[Items listed in a dataset]

──────

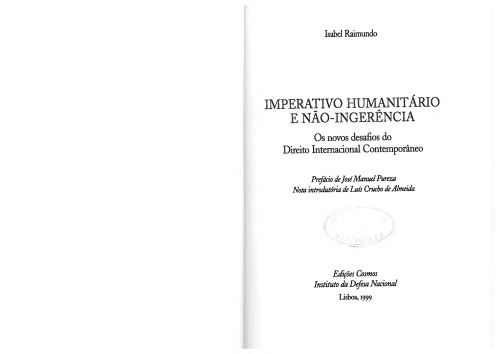 Imperativo Humanitário e Não-Ingerência: Os novos desafios do Direito Internacional Contemporâneo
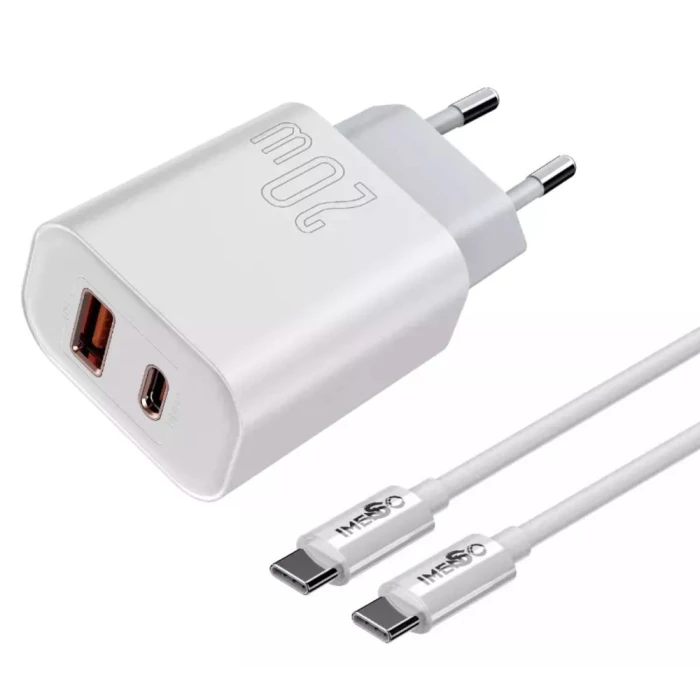 Carregador Para Celular Tipo-C Para Tipo-C 20W Branco Imenso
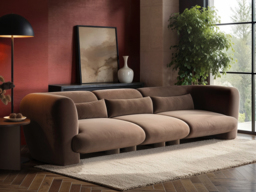 SOLACE+CO Maddox 4 Seater Chocolate Velvet Sofa - thumbnail 2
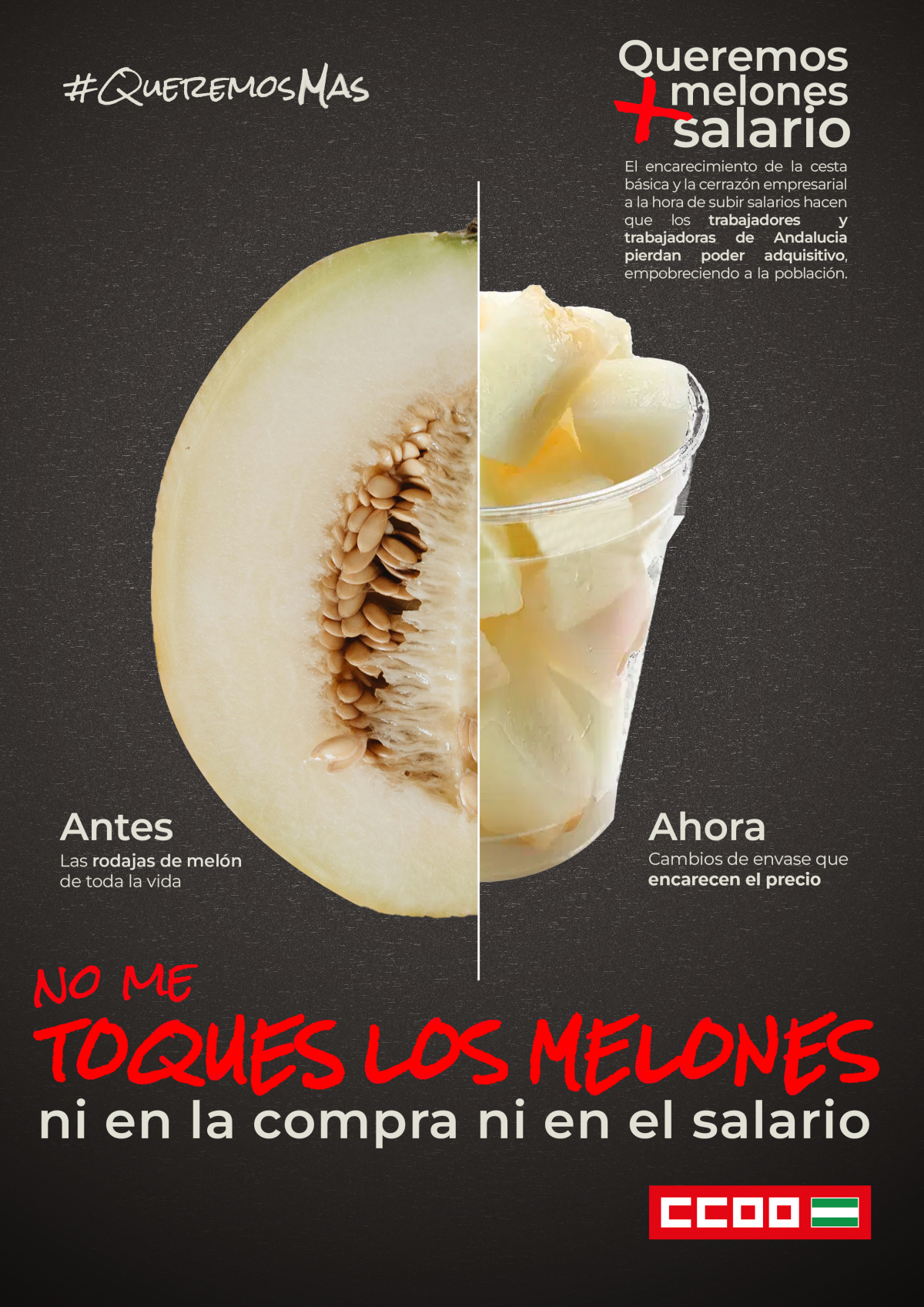 Cartel 'No me toques los melones'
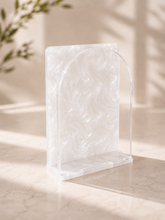 Load image into Gallery viewer, White Pearl Acrylic Vertical Napkin Holder with Clear Front
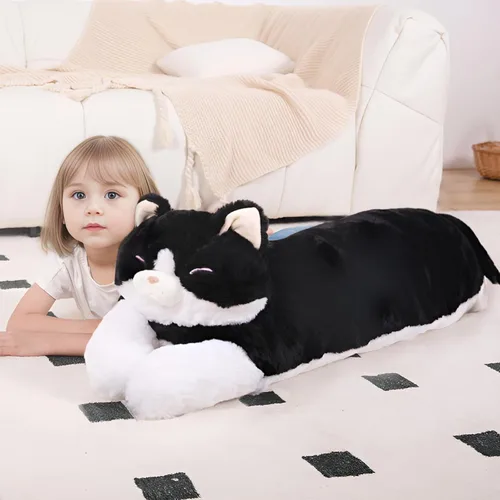 Miniatura 12 de Juguete de peluche grande de 32 pulgadas, almohada grande de peluche de gato largo y grande, regalo de peluche de gatito blanco y negro para niños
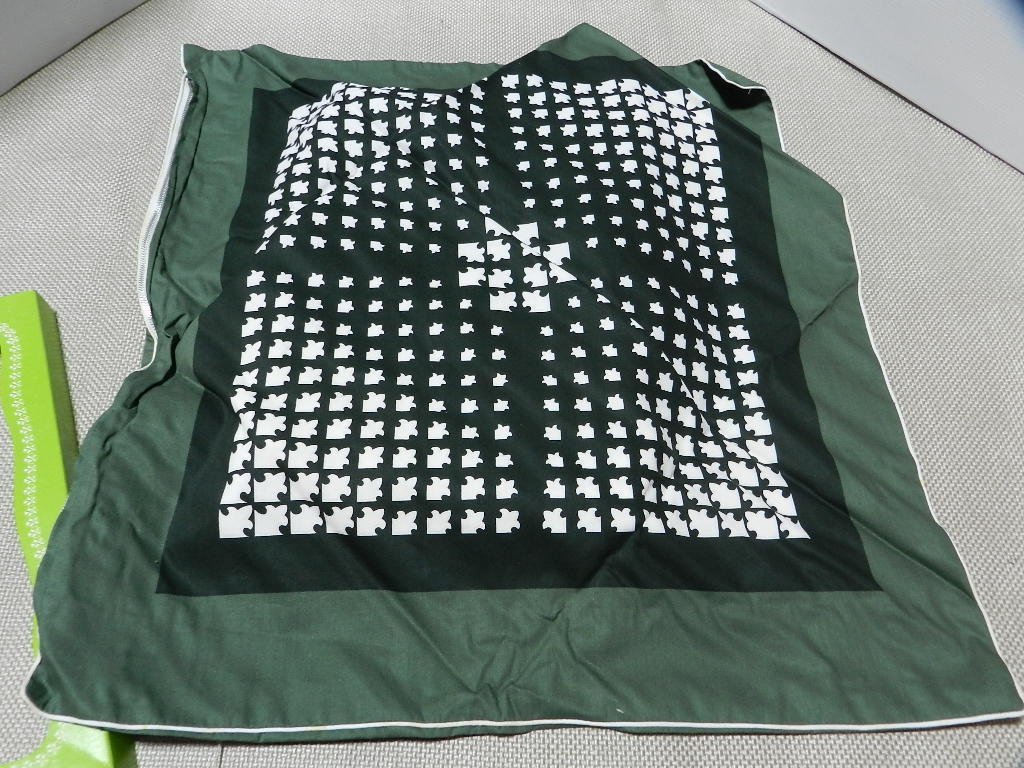 昭和レトロ　八反判　座布団カバー　5枚　63㎝×59㎝　未使用品　グリーン系　綿100％　日本製　_画像4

──────

TASK GOAL -
Only the lines from the one with "Miniatura 12 de" through the final line of the entries belong in the answer, set down exactly, with both ends included and no pictures.

YOUR RESPONSE -
 Miniatura 12 de Juguete de peluche grande de 32 pulgadas, almohada grande de peluche de gato largo y grande, regalo de peluche de gatito blanco y negro para niños
 昭和レトロ　八反判　座布団カバー　5枚　63㎝×59㎝　未使用品　グリーン系　綿100％　日本製　_画像4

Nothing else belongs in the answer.